Томашевский Б.: Пушкин. Книга вторая
Глава I. Михайловское.
3. «Подражания Корану»
Более полное раскрытие новых настроений мы находим в цикле «Подражания Корану», написанном в начале пребывания в Михайловском.
Пушкин в начале ноября 1824 г. сообщал брату Льву Сергеевичу: «Я тружусь во славу Корана. ». Это было первое письмо брату, только что уехавшему из деревни в Петербург. Письмо везла с собой сестра, тоже уехавшая с матерью в Петербург. Пушкин оставался с отцом, который также готовился к отъезду из Михайловского. После крупной размолвки, получившей широкую огласку, отец с сыном избегали встреч, и Пушкин почти переселился из Михайловского в Тригорское, в семью Прасковьи Александровны Осиповой. Здесь после бурных столкновений Пушкин отдыхал, находя дружбу и сочувствие.
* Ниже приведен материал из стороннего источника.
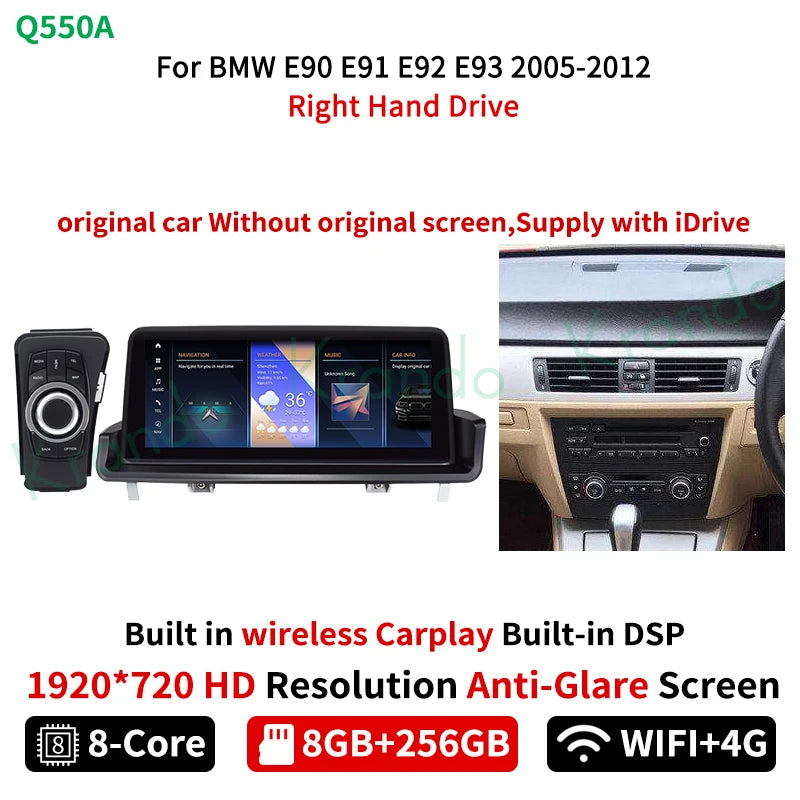 Krando Android 10.25'' Car Radio GPS stereo For BMW 3 Series E90 E91 E92 E93 320d 2005 - 2012 head unit navigation multimedia system wireless carplay android auto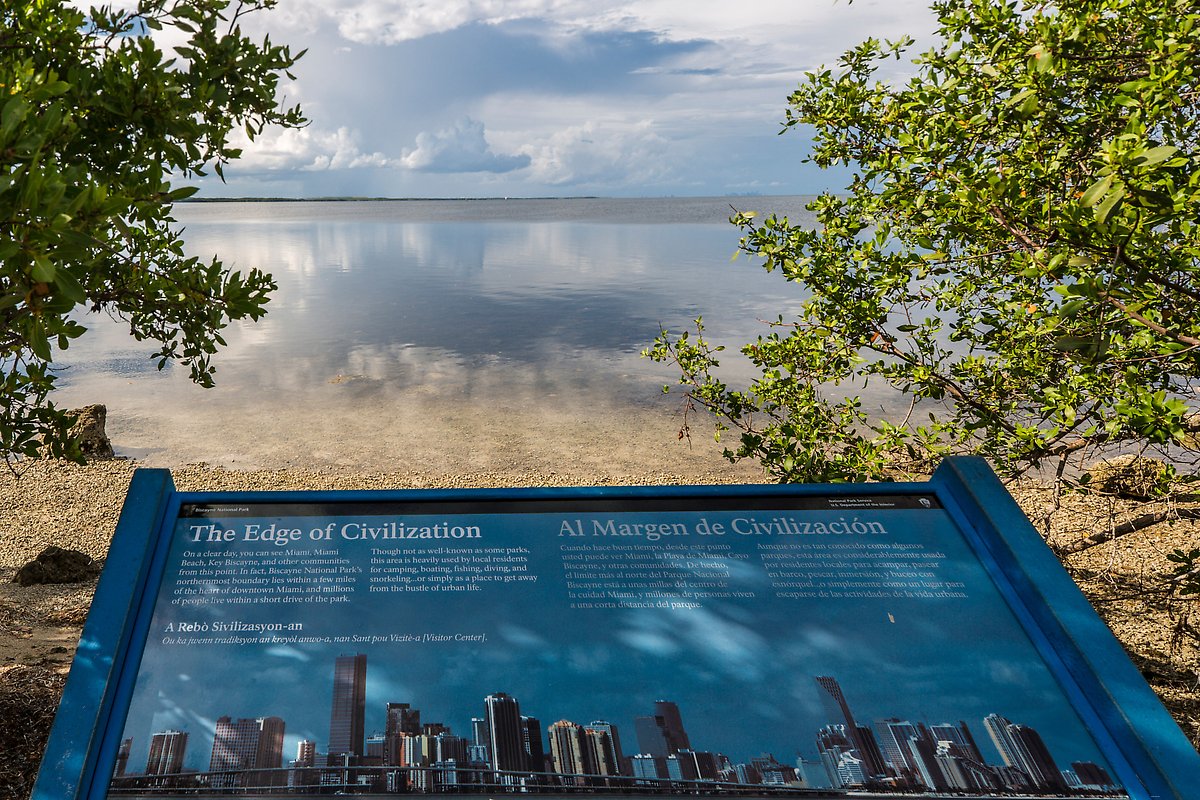 Miami in the distance. Biscayne National Park.  ()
Смысл намека, заключавшегося в письме брату, был, конечно, понятен Льву Сергеевичу: он уже был в курсе поэтического замысла. По-видимому, Пушкин приступил к «Подражаниям Корану» еще до отъезда брата, т. е. в конце октября 1824 г. Во всяком случае, именно в ноябре он настолько поглощен этим замыслом, что применяет язык Корана к самому себе. Рассказывая Вяземскому в письме 29 ноября о судьбе рукописи своих стихотворений, оставшейся с 1820 г. в руках Н. Всеволожского, он пишет: «Между тем принужден был бежать из Мекки в Медину, мой Коран пошел по рукам — и доныне правоверные ожидают его». Бегство из Мекки в Медину — переезд из Одессы в Михайловское, «мой Коран» — рукопись сборника стихотворений Пушкина.
К восточной теме Пушкин подошел естественно. «Бахчисарайский фонтан» построен на противоположении мира христиански-европейского и мусульманского; в связи с этим внимание Пушкина естественно привлекли религиозные мотивы ислама.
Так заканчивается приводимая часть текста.